■ **EXERCISE DATA**
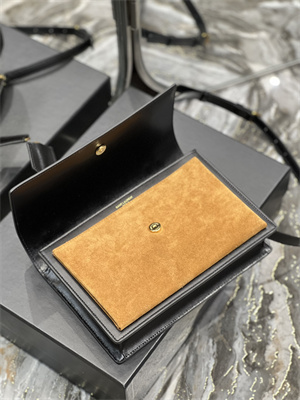 Y.S.L Sunset Top Handle Bag In Smooth Leather and Suede Gold Tone Metal Black Color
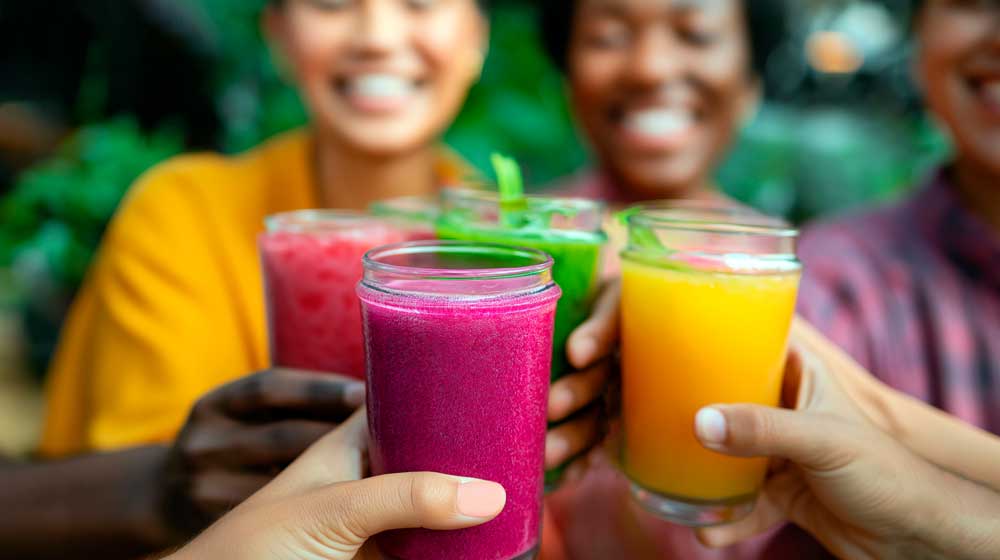 Women toasting with smoothies, with lush greenery in the background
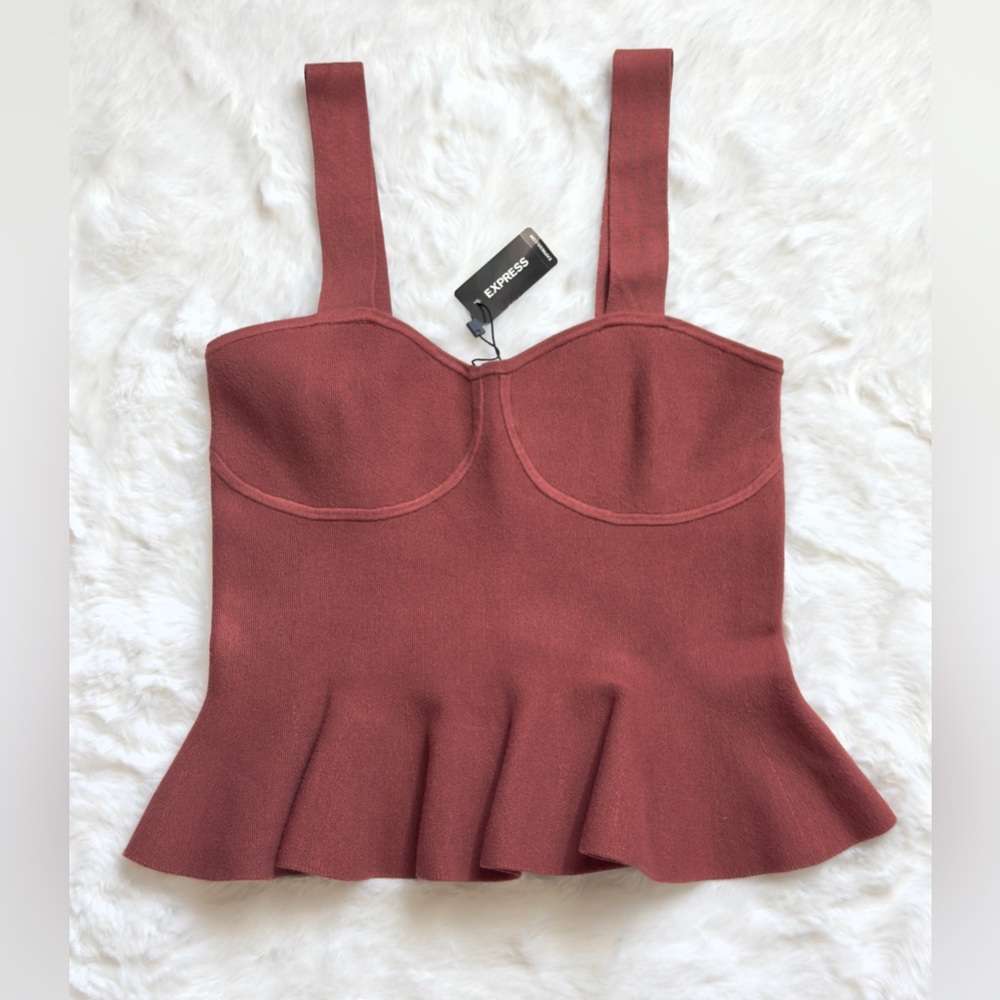 NWT EXPRESS BODY CONTOUR SLEEVELESS RUFFLE PEPLUM SWEATER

■ **YOUR GOAL**
The whole listing above, minus its pictures, is what you should write out word for word.

■ **SOLUTION FOR THIS TASK**
 Y.S.L Sunset Top Handle Bag In Smooth Leather and Suede Gold Tone Metal Black Color
 Women toasting with smoothies, with lush greenery in the background
 NWT EXPRESS BODY CONTOUR SLEEVELESS RUFFLE PEPLUM SWEATER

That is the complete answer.